Prof. Paul Sawyer’s, English, experiences in the turbulent 1960s inspired him to stay passionately involved in social activism.
As an undergraduate at the University of Michigan, Sawyer said he took part in several rallies —including the first massive anti-war rally — the largest ever in American history before 1965.
“I always felt like I should have an active life as well as a contemplative one,” he said.
At Cornell, Sawyer said he devised an interdisciplinary course centered around the 1960s as a way of commemorating the defining decade of social activism.
“I developed the idea to take a decade and go cross-disciplinary with that decade in the English department,” Sawyer said. “[The course] would include works of literature such as poetry and other representative productions around that time, such as film, art, music and so on.”
Through this course, Sawyer said he hoped to continue the political legacy and the lessons of the 1960s by enabling students to engage with the prominent figures of the decade.
“This course was not only educational for me, but also a hope for my students,” Sawyer said. “I had the sense that what was exciting about the 1960s — and of course risky as well — was not apparent to the people growing up under a president like Reagan, and I wanted to bring that back to the students. I wanted to engage deeply with figures like Martin Luther King, Jr. and Malcolm X.”
Sawyer said he also hopes to write a book about the 1960s “as a synthesis of different aspects of the decade.”
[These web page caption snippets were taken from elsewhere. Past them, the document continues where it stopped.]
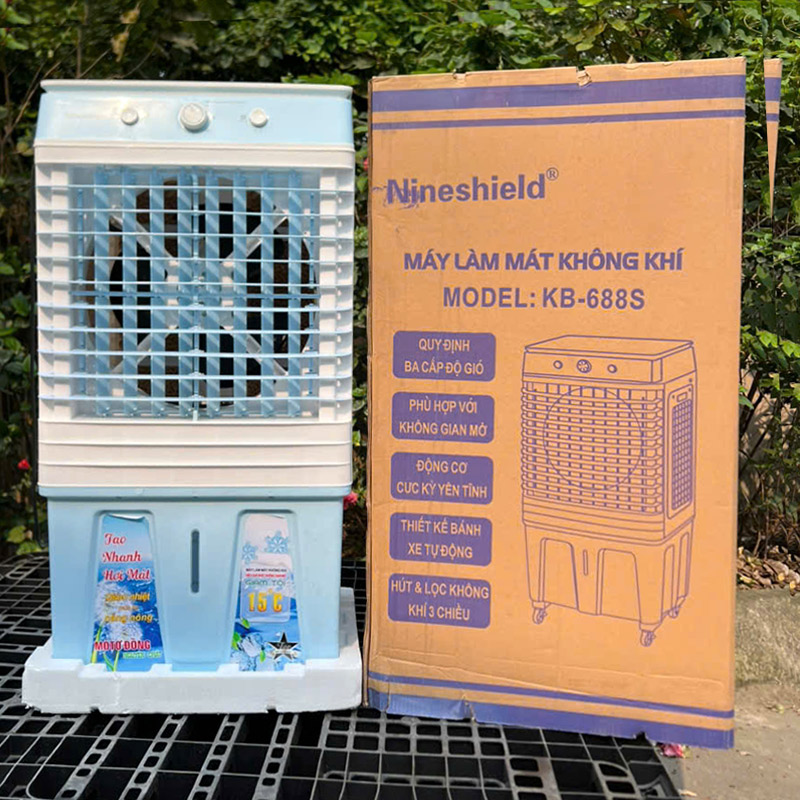 Quạt điều hòa giá tốt NineShield KB-688S màu xanh da trời kết hợp màu trắng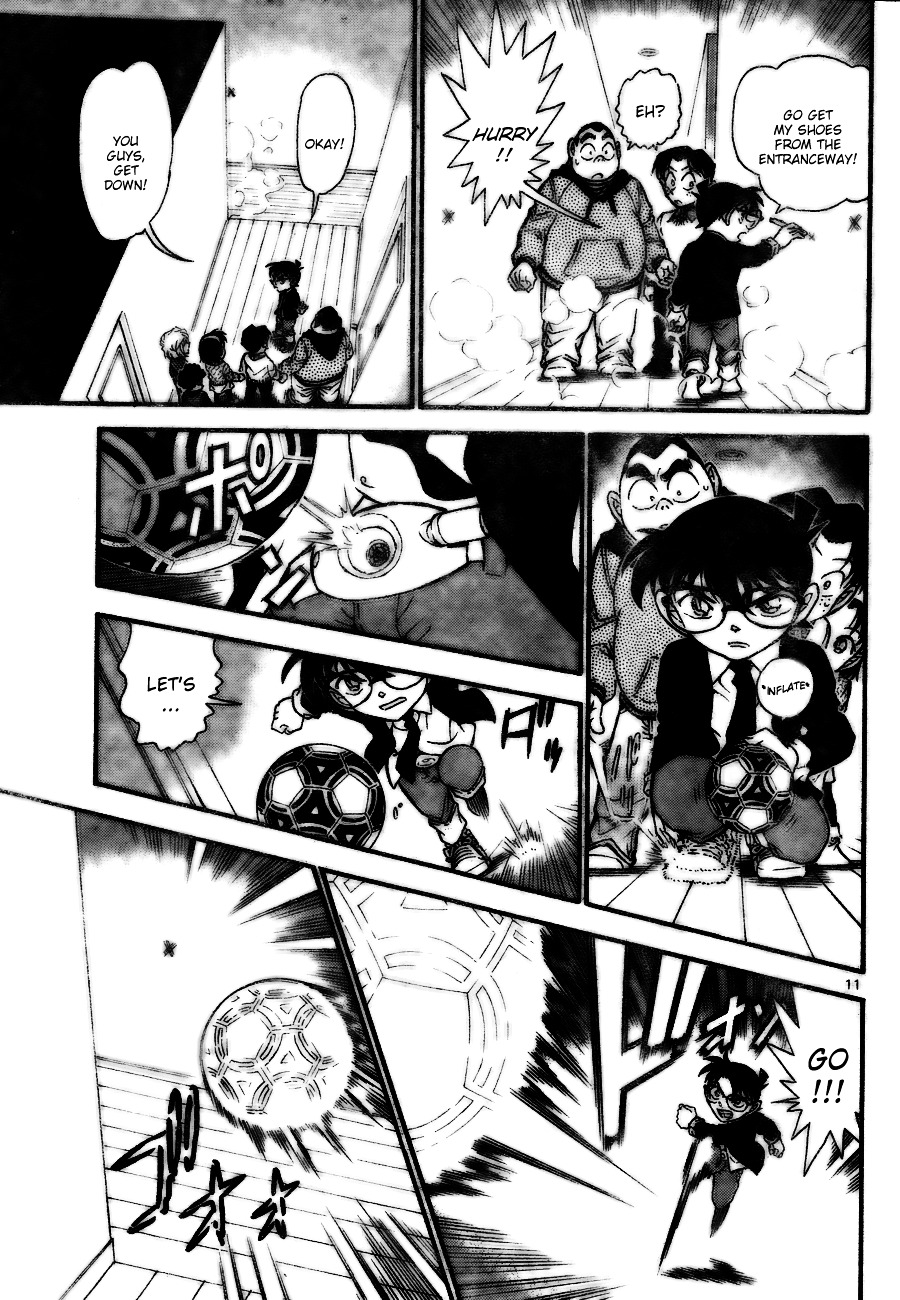 Detective Conan chapter 730 page 11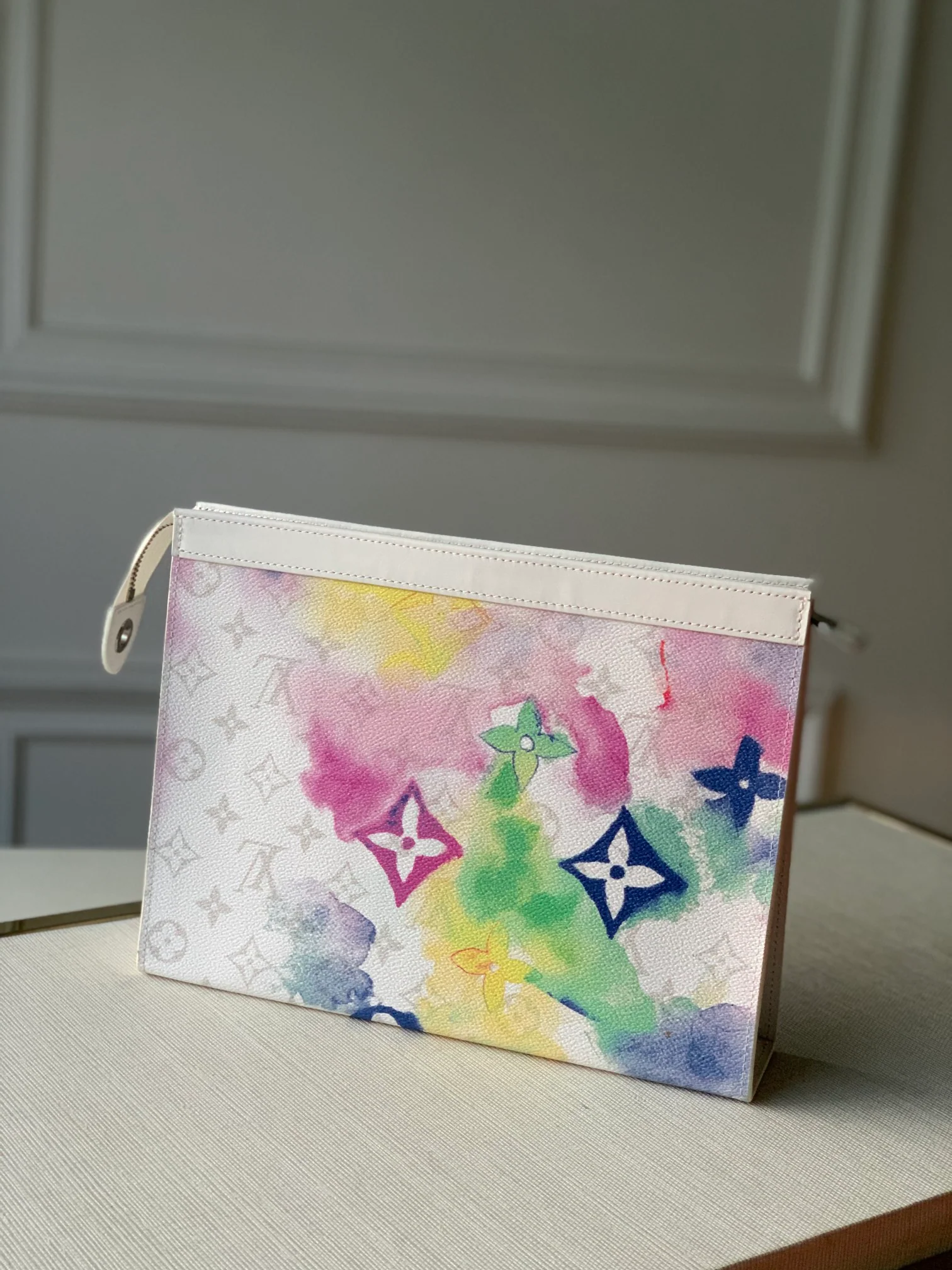 lv-m80460-белый печатный клатч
“The way I’m envisioning this book is that I would start out each chapter with a passage from different people of the era,” he said. “I hope my book will be a focus on particular texts, not only written text but also film and sound text.”
Sawyer added that he has been continuously engaged with student activism on campus, from the anti-Apartheid Movement to the Redbud Woods protest.
He said he helped with the student-led movement in 1985 urging the University to divest from South African companies in response to the Apartheid. While the movement was ultimately unsuccessful, it marked an important event in the history of student activism at Cornell, according to Sawyer.
The Redbud Woods protest was a smaller, less formal student movement in 2005, Sawyer described.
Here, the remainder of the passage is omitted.